Three men barged into a T-Mobile store on Fifth Avenue on March 2 and took 20 phones in a brazen 2 pm heist, cops said.
The three men entered the store, saw what they wanted, snatched it up and left. A customer who saw the whole thing didn’t stay until cops got there, however, and police are waiting to review the store’s security tape.
They would have seen it already, but the manager at the store, which is at 10th Street, said that “corporate” needed to approve the official viewing of the tape, according to the police report.
The total value of the heist was put at $1,000 to $1,500.
A jazz-loving bar-crawler had her wallet stolen early in the morning on March 4 — and the thief rang up $700 in charges before the woman could cancel her credit cards.
The 29-year-old woman had been hanging out at a popular Ninth Street jazz club, which is near Sixth Avenue, when she noticed that her wallet, containing $25 and the credit cards, was missing.
A wallet belonging to a teacher at one of the high schools inside the John Jay HS building on Seventh Avenue was stolen from her bag at around recess time on Feb. 27.
The 30-year-old staffer told cops that she had left her handbag in her unattended classroom and when she returned, the wallet was gone.
It contained a plethora of credit and gift cards — including one for Victoria’s Secret — but no cash. All the cards were cancelled, and police have no leads.
A dental hygienist lost her laptop and some credit cards when she left her bag near the front door of her medical office when she opened it on Feb. 27.
The 69-year-old hygienist had opened the Ninth Street clinic for business at around 10 am. About an hour later, the mailman came in and said that someone had left a purse in the outer hallway of the building, which is between Fifth and Sixth avenues.
Turns out, the bag was the hygienist’s — and the laptop was gone.
At least two Park Slopers had their cars stolen overnight on Feb. 26, police records show.
In one case, a 14th Street man told cops that he’d parked his 2000 Mazda, valued at $10,000, on 15th Street, between Fourth and Fifth avenues, on Sunday night, Feb. 25. But when he returned the next morning, the car was gone.
An 11th Street man complained of the same thing at roughly the same time. He’d parked his 1992 Honda Accord, which has a $2,000 value, on his block, which is between Third and Fourth avenues.
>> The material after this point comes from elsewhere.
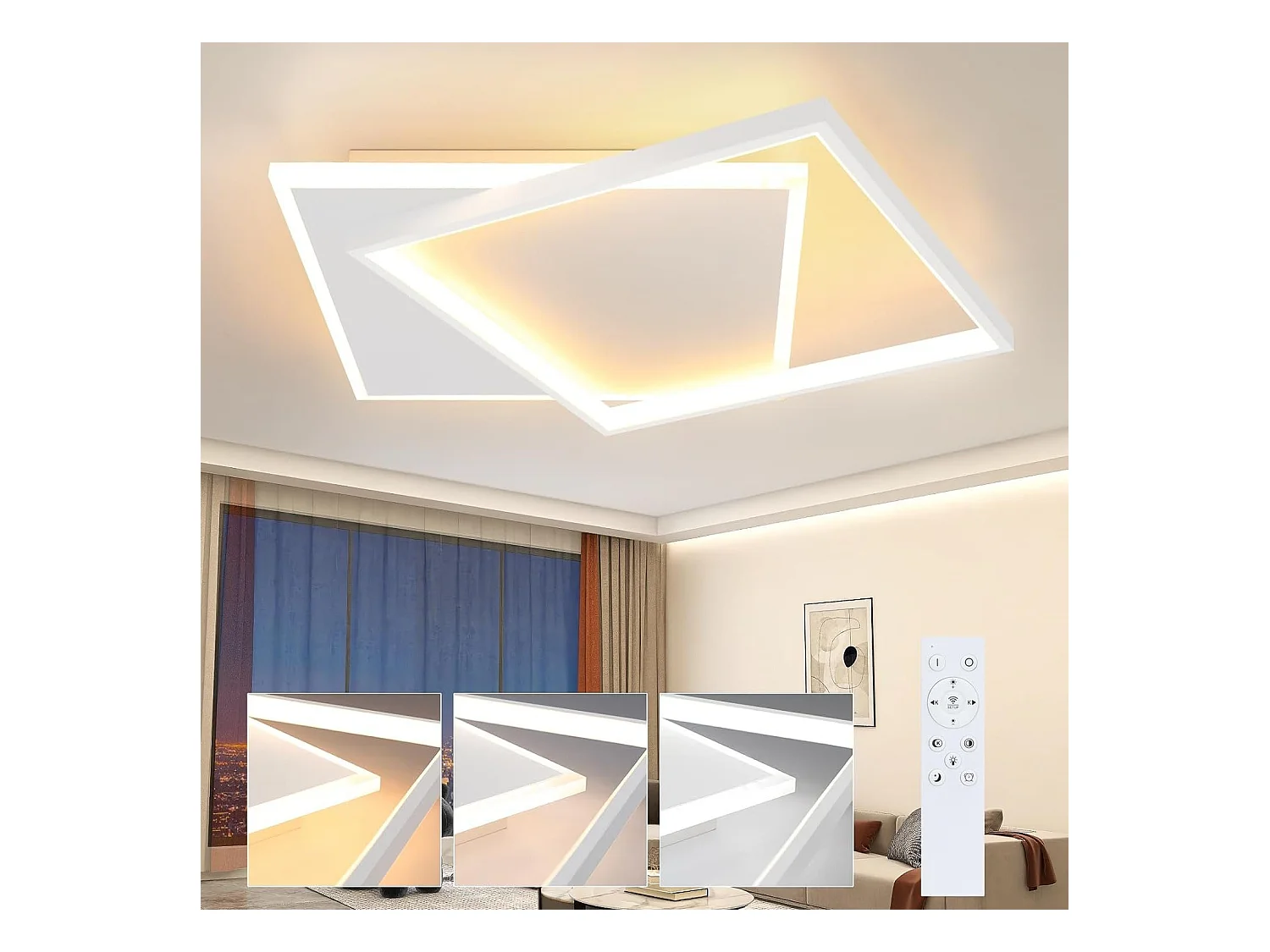 NETTLIFE Plafonnier LED réglable 44W, blanc, design carré, avec télécommande, 44x40cm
A popular Grand Army Plaza newsstand was broken into and robbed of $2,000 overnight on Feb. 26.
The owner of the stand said he locked up at 6 pm. But when he returned, bright and early, the next morning, he noticed that the lock had been clipped and $2,000 was gone.
An Eighth Street maid service was broken into and robbed of $900 in an overnight burglary.
The company told cops that the office was secure when workers left on Feb. 25, but when they returned the next morning, the money was missing.
The owner of the business, between Second and Third avenues, told cops the perp got in thanks to a card key that apparently works throughout the building. The money had been in a filing cabinet.
A 13th Street woman returned home from a Kings Plaza department store with $110 in purchases on Dec. 2 — but a month later, she got a bill for $5,038.65.
The 50-year-old woman knew something was wrong when she got the bill. She reported the theft to cops on March 2.